This expansion aims to facilitate more engaging late-game play. As it stands now you will be swimming in gold with nothing left to build, while probably not being close to ruling as the Emperor of the World yet. 

This DLC aims to bridge that gap, by giving you ways to spend gold on more development, and while doing that address some issues that can feel slightly limiting when you are late game, like the lack of Knights, and the slow travel speed across the map. 

How it works:
There are already formable nations in-game, so with some small tweaks these can be upgraded to forming empires, triggering the ability to become Emperor. 

An Emperor will have added bonuses, similar but better than the King-level, but more importantly, you will now be able to recruit 2 more Knights. This will help you rule your empire more effectively, and will also facilitate more armies in the field. 

The second big feature is the Metropolis. You can designate one city of your realm your Capital, and it will gain 4 additional regular building slots.

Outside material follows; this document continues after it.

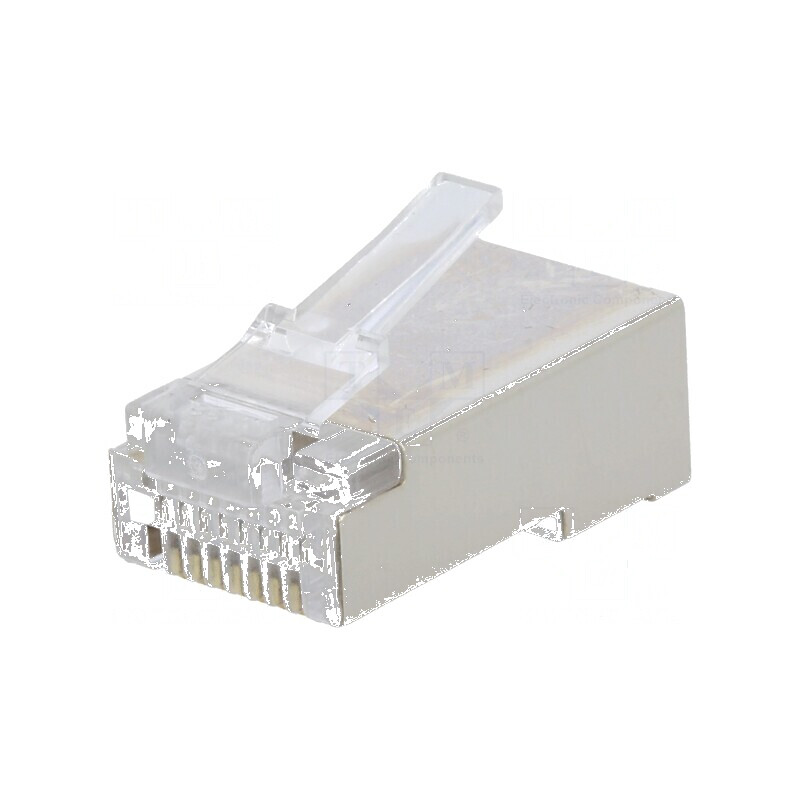 Conector RJ45 ecranat Cat 5e 8p8c drept | Electronic-mag.ro | Componente Electronice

On top of that you can now construct a CITADEL. 
This is the crown achievement of your Empire, and supposed to be a massive gold sink that will take a lot of building time to complete. 

I envision the Citadel feature as a separate, rather big UI screen, with a beautiful illustration of an imposing Citadel, with several rows of building slots.

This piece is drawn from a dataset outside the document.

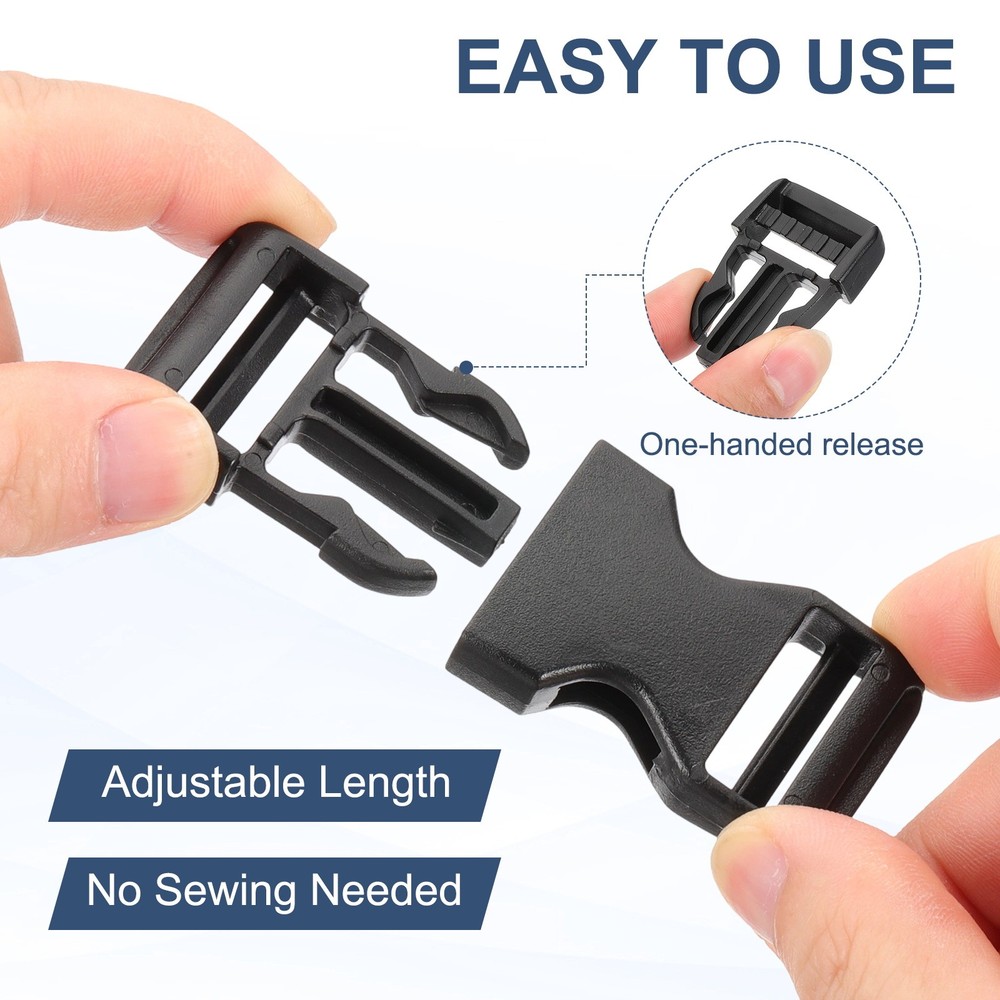 4pcs Quick Side Release Buckles 1" Dual Adjustable No Sewing Clips Snaps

Something like this (sketchy):

3rd Level: PALACE: throne room, chapel, courtyard, gardens, mausoleum
2nd Level: BASILICA: domed church, cloister, scriptorium
1st Level: CITY: aristocratic housing, specialized workshops, exotic market
Ground Level: WALLS: outer wall, inner wall, gate

(Of course for the Islamic world this can be styled like the splendid Alhambra.)

There will also be 2 more slots for Empire-wide bonuses:
- Imperial Roads: 3 tiers (gain incremental travel speed)
- Imperial Heraldry: 3 tiers (gain incremental culture + influence + fame, and some nice visual representation :)

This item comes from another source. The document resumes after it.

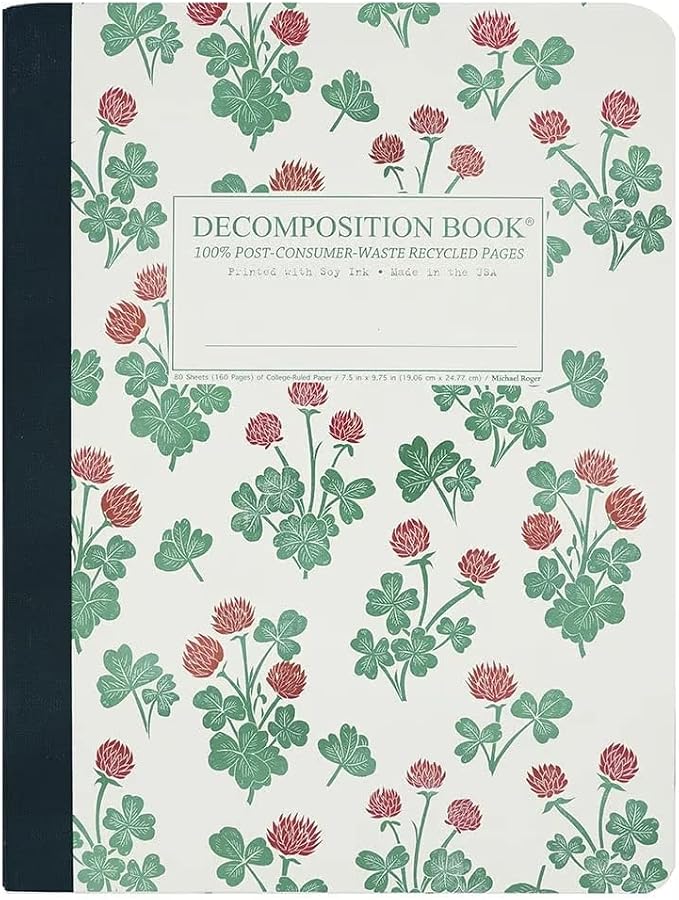Decomposition Crimson Clover College Ruled Composition Notebook - 9.75 x 7.5 Journal with 160 Lined Pages - Cute Notebooks for School Supplies, Home & Office - 100% Recycled Paper - Made in USA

And of course Imperial Elite troops.  

Many of the Citadel buildings, Walls and upgrades are meant to be very expensive, say between 50-100k each, and take a long time to build.  

They will also need more goods as requisites, so I have come up with 8 suggestions as a general idea: 

Silk (robes) 
Sea snails (purple dye) 
Granite (colored brick) 
Bronze (doors)
Perfume (accessory) 
Gems (crown) 

Also two new “profession goods” to construct the different stages of the Citadel: 

Mechanics
Architects

A few new province features will have to be made, and some of the new resources need some basic & intermediate buildings for the new good-chains as well. 

To accommodate this, as a final addition you will receive 5 extra building slots for the other Towns in your realm, to help out with resources and manpower.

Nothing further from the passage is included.